Hopkins has evolved into a beloved figure in boxing. Many that spurned him through the years have become ardent fans. He’s still getting used to the fact that he has fans. That people actually like him, and those things are still hard for him to hear. Even for the years he was on top, Hopkins had a tendency to contrive something in his mind that was negative, create his own chip on his shoulder to barrel through. If there wasn’t an obstacle there, B-Hop would produce one.
People see the good in Hopkins—and there is a lot of good. He doesn’t want to hear that. He once helped pay for the funeral of someone that he wants to remain anonymous about. So he refuses to talk about it. He once helped a lost sportswriter in Louisville, Kentucky, one sweltering Friday afternoon, June 10, 2016, at the Muhammad Ali funeral. He won’t acknowledge that—even to the very person who he served as their guide.

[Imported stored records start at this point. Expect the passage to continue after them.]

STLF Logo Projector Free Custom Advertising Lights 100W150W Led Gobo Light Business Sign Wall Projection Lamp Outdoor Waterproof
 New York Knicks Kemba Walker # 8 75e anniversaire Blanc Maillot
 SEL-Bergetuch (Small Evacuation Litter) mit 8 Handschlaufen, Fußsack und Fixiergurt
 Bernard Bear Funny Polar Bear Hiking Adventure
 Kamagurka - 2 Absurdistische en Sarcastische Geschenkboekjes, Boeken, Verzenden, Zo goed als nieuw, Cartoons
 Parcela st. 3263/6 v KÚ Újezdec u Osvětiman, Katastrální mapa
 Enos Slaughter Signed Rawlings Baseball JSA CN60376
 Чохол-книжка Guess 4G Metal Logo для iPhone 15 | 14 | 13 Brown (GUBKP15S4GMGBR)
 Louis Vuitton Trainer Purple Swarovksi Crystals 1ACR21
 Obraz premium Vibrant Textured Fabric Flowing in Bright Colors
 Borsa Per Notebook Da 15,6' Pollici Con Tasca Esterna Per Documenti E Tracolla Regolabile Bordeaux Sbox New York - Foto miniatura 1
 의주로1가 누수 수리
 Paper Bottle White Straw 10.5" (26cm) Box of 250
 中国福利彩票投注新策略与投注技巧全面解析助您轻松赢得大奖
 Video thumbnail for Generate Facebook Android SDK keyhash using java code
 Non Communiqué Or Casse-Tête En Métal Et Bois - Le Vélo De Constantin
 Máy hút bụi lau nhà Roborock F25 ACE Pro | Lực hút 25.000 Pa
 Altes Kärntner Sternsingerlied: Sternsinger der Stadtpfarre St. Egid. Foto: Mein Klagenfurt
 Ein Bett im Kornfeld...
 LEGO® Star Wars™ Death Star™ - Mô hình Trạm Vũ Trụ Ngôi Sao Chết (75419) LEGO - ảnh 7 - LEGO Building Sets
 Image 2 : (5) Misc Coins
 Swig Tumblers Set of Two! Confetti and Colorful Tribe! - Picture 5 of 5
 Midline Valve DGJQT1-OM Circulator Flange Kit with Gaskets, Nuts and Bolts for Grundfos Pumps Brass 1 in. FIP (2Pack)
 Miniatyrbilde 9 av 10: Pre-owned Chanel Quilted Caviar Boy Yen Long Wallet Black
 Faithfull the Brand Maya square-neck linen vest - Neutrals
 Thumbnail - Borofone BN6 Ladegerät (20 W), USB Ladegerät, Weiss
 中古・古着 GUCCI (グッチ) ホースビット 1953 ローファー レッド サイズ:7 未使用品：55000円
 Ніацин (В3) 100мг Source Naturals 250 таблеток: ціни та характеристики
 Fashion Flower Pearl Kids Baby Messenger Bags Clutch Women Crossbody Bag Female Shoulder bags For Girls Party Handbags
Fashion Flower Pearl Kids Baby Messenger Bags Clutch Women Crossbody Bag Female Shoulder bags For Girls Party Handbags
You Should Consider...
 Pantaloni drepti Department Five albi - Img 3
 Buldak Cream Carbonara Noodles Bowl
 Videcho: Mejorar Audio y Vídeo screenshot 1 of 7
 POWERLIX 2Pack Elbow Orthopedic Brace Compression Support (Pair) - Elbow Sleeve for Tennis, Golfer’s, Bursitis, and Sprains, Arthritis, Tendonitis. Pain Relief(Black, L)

In December, Hopkins will undoubtedly receive a call from International Boxing Hall of Fame executive director Ed Brophy telling him that he’s a Hall of Famer.
In June of next year, Hopkins’ stone face may crack a little from emotion during his induction speech.
He doesn’t want to hear that, either.
“I see the way people react to me today,” Hopkins said. “I get called a grumpy old man a lot of times, and that’s because I act like one. I want to make sure I do something special in downtown Philadelphia before I go to (Canastota) next June. I’ve had a lot of good things happen in my life. And I’m grateful for that and the people who helped me get there. Yeah, you can say I’ve been on the top of the mountain for a long time.
“But in my mind, I’m still the guy at the bottom of the mountain digging ditches. There’s still a fight out there. I still have a lot of things to do. When I heard about the Hall of Fame ballot, I actually thought some people would look for ways to keep me out. I guess that’s my personality and chip on my shoulders that I always carry. I believe I’ll be voted into the Hall of Fame by split-decision. I’ll get in by the skin of my chinny, chin chin.
“They better make me last when I am inducted. Ed Brophy is going to tell me to keep it to five minutes. I’m going to tell half the people there I dislike them (he laughs). Everyone better bring their pillows when I talk. They can take a nap and I’ll still be talking. They better make me last.
“It just reminds me that I came from J Block. I know my prison number backwards and frontwards, but I don’t know my social security number.
“I’m always going to be Y4145.”
Bernard Hopkins wouldn’t be Bernard Hopkins if he thought otherwise.